Test Error (PLS CV, MSE): 1448566.3424517359
Best M (Number of PLS components): 7


### (g) Comment on the results obtained. How accurately can we predict the number of college applications received? Is there much difference among the test errors resulting from these five approaches?

Analysis of College Applications Prediction:

Based on the results, the prediction accuracy of college applications varies among the models tested.  The MSE values provide a measure of the error, with lower values indicating better performance.
While the test errors are relatively close for several of these methods, there's no single 'best' approach.

Further considerations:
1. Magnitude of Error:
Evaluate the absolute values of the MSEs in relation to the range of applications received.  A small MSE might still represent a substantial error if applications vary greatly.

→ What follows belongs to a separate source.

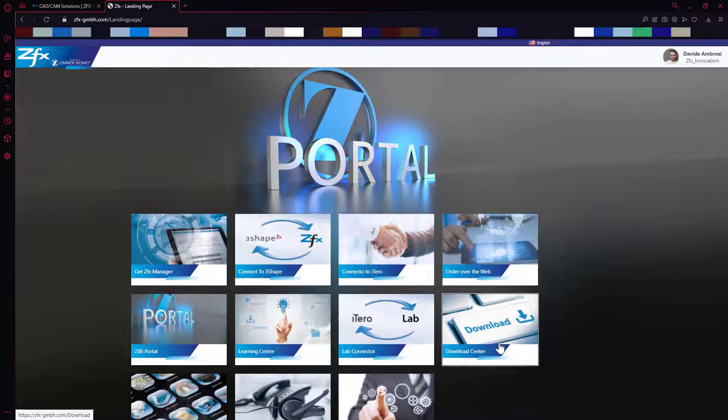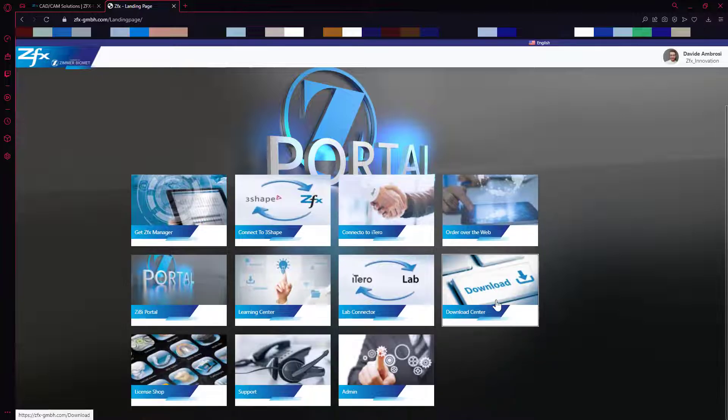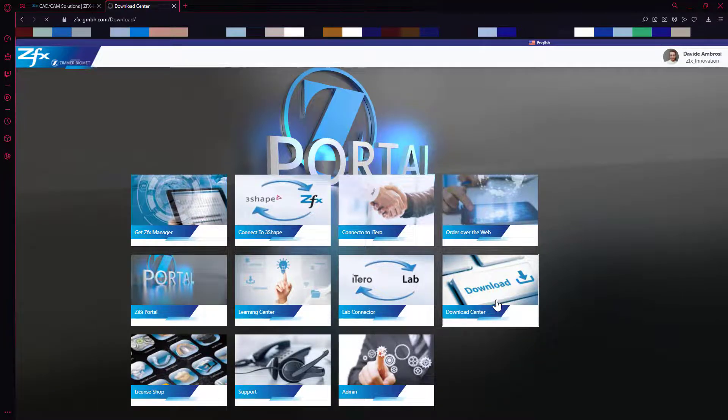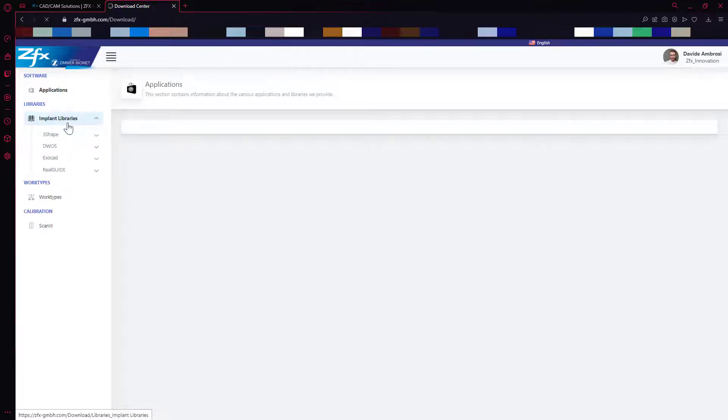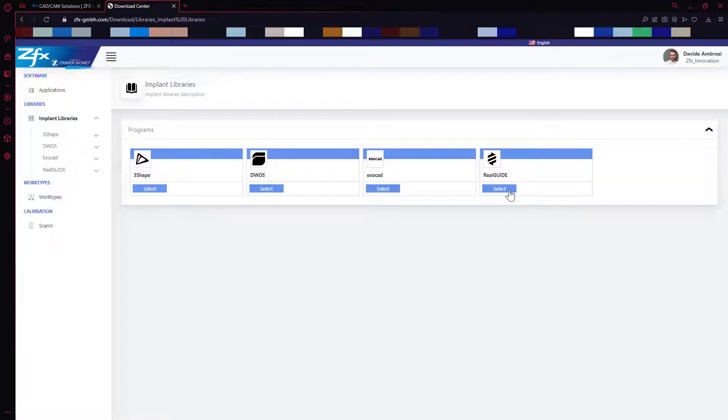Now go to Download Center and to Implant Library section. Select RealGuide.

2. Model Interpretability:
The simple linear regression provides easy-to-understand coefficients. Ridge and Lasso introduce regularization which can improve predictions but might reduce interpretability. PCR and PLS offer dimensionality reduction and could reveal underlying factors driving applications, but the resulting models can be more difficult to interpret.

3. Feature Importance:
The non-zero coefficients in the Lasso model highlight important features affecting applications.

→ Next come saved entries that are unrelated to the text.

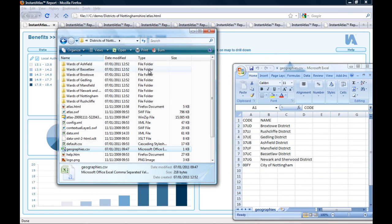To make sure that the names of my ward report folders are exactly the same as the codes, I will copy them out of this file and paste them into the folder names.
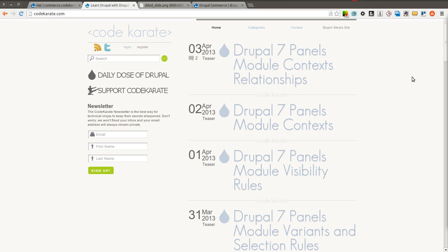Hello everyone and welcome to another Daily Dose of Drupal. Today we're on episode number 141. And today we're going to continue learning about Drupal Commerce and we're going to go into detail on how you can rearrange the product display page.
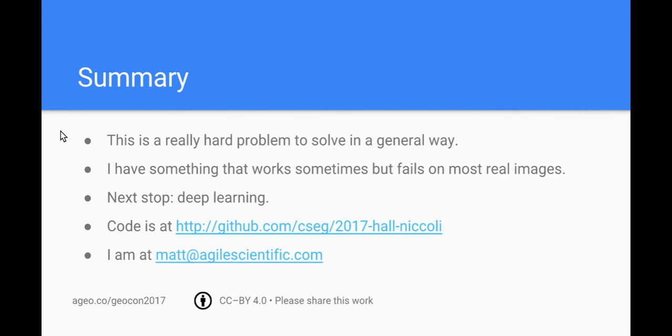The code for this thing is on github, there's the link. The link for this presentation is at the bottom there. I'd love to hear from you, there's my email address matt@agilescientific.com. Please get in touch if you've got ideas, if you want to work on this, if you want the rest of my code, whatever you need just give me a shout.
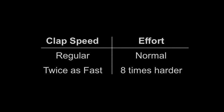Now I want you to clap twice as fast. It's hard, isn't it? You'd think that clapping twice as fast takes twice as much effort, but in fact it takes eight times as much effort.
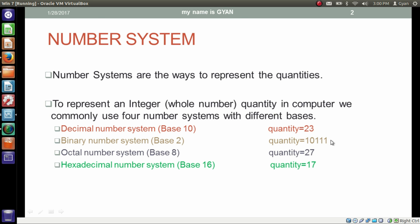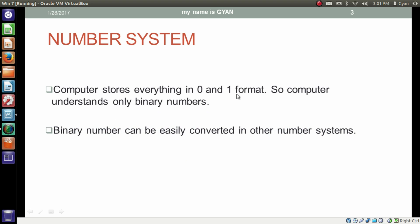The same quantity 23 gets represented as 10111 in the binary number system whose base is 2. In the binary number system, we have only 0 and 1 to represent all quantities. The same quantity 23 gets represented as 27 in the octal number system with base 8, and as 17 in the hexadecimal number system with base 16. Computer stores everything in 0 and 1 format, so the computer understands only binary numbers. It does not matter whether it is an image, movie, PDF, Java program, bytecode or executable files — the computer stores everything in binary format. But don't worry, binary numbers can be easily converted into other number systems.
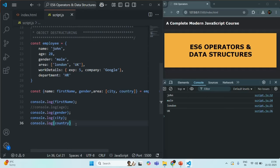This is object destructuring syntax — using it, we can assign the value of an object property to a variable. Array destructuring and object destructuring are very useful features used a lot in programming. I'll show you a real use case when we build a simple web project after this section. In this lecture, we learned about the basic concepts of object destructuring. If you have any further questions, feel free to ask. This is all from this lecture; I'll see you in the next one.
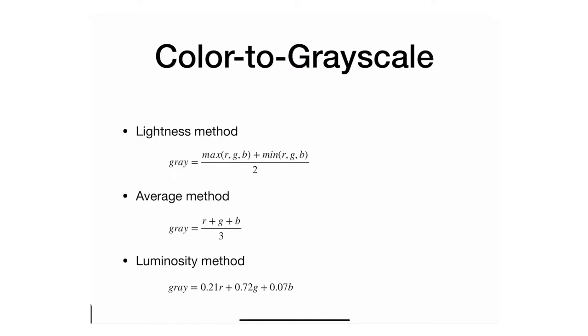We now dig deeper into the pixel transformation circuits, which is a circuit that takes a value of a pixel and then transforms it.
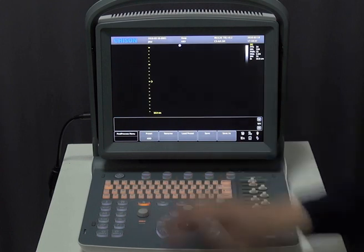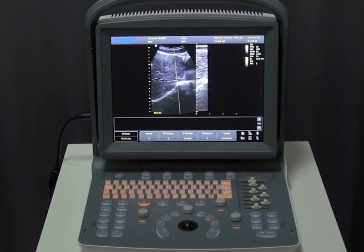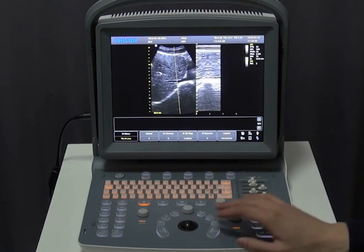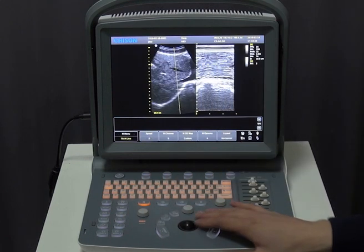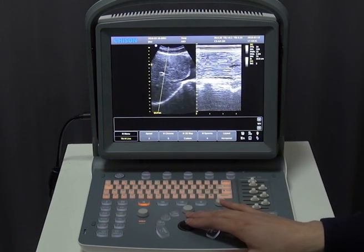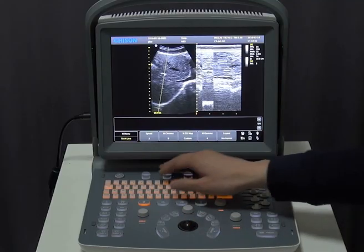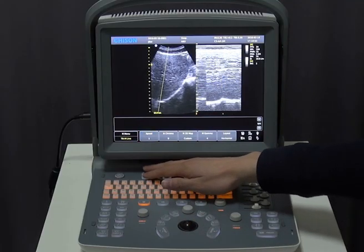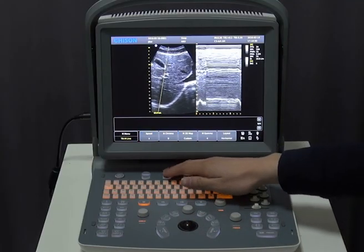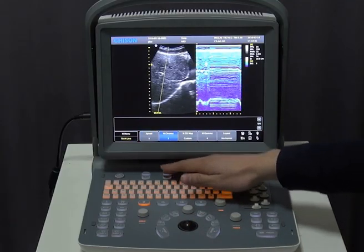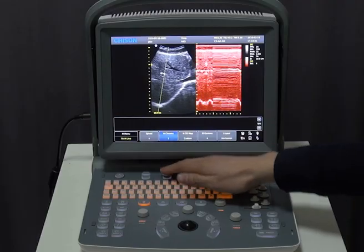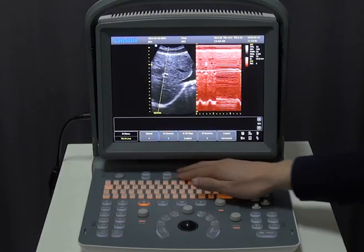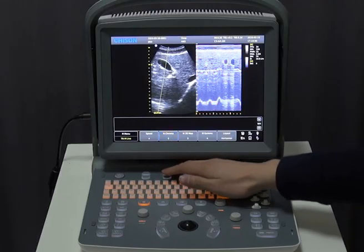This is M mode. When we use M mode to scan the image, you can adjust the speed. There are also eight types of M mode chroma, which will certainly satisfy your needs.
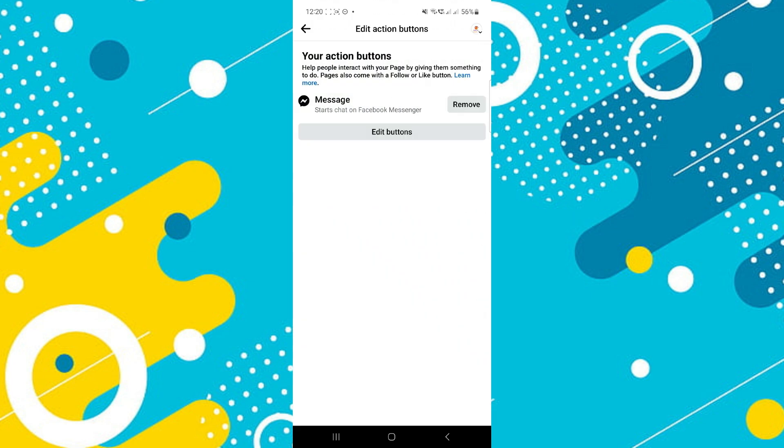So that's basically how you can remove WhatsApp button from Facebook page. That's all for this video. If you find it helpful, consider subscribing and giving this a big thumbs up. And I'll catch you in the next one.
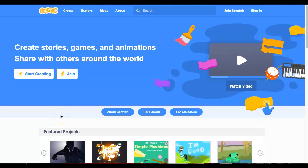Hi 8th graders. This video is going to show you how to register for Scratch, which is the program we're going to be using for all of our coding this year.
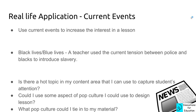The current events hook uses current events to increase interest in a lesson. The example, called black lights blue lights, used the current tension between police and Black communities to introduce the topic of slavery — showing how that tension is still present today. Ask yourself: is there a hot topic in my content area I can use to capture students' attention? Could you use some aspect of pop culture to design a lesson? Pop culture includes music, apps, augmented reality, TV shows, fashion — anything happening right now in kids' current lives.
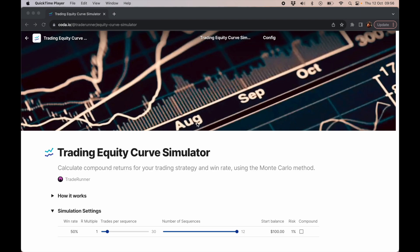Today I wanted to go over the Monte Carlo simulator and how understanding Monte Carlo simulations can help your trading, specifically how it can help you devise a trading strategy that passes funded account challenges.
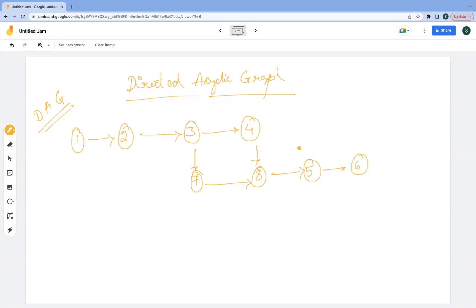Now, if you see, is this acyclic or cyclic? Is it cyclic or acyclic? It's acyclic, right. Why is it acyclic? Because a cycle is not there — it is not forming a cycle.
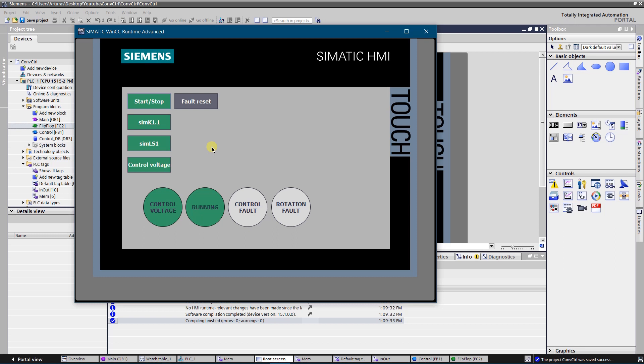As you can see the system works well. We do get the feedback of the state of the conveyor, so it helps to determine the problem fast and fix it. Thank you for watching.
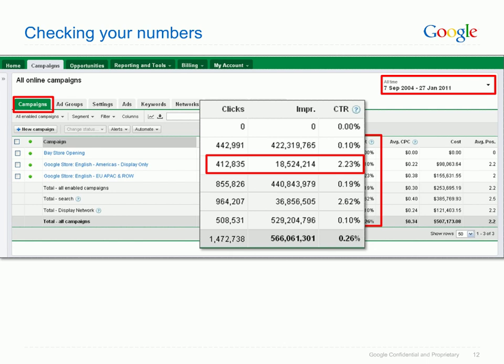Looking at this row, for example, the advertiser received 412,835 clicks, and his ads appeared 18,524,214 times. About 2% of all ads that appeared were actually clicked. Remember your advertising goals. If your goal is to generate new leads for your business, a good clicks-to-impressions ratio would be above 1%. An awareness campaign will have a lower ratio, as you're focusing on a high number of impressions.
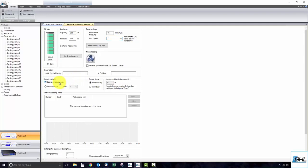Under dosing times, select automatically if you want the dosage times to be automatically calculated and evenly spread throughout the day. Select individually if you want to specify the amount of fluid to dose at a specific time.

4. Cross-Validation Tuning:
The choice of optimal hyperparameters (alpha for ridge/lasso, M for PCR/PLS) through cross-validation is crucial. Different hyperparameter ranges could lead to different optimal values and potentially better performance.  It's important to note that the provided code only tries a few alphas.

5. Model Comparison:
The differences observed in test errors might not be statistically significant. Consider using statistical tests (e.g. F-tests or paired t-tests) to ascertain if differences are meaningful.

Overall:
It's likely that no single model is definitively superior.  The choice of model depends on the desired balance between prediction accuracy and interpretability.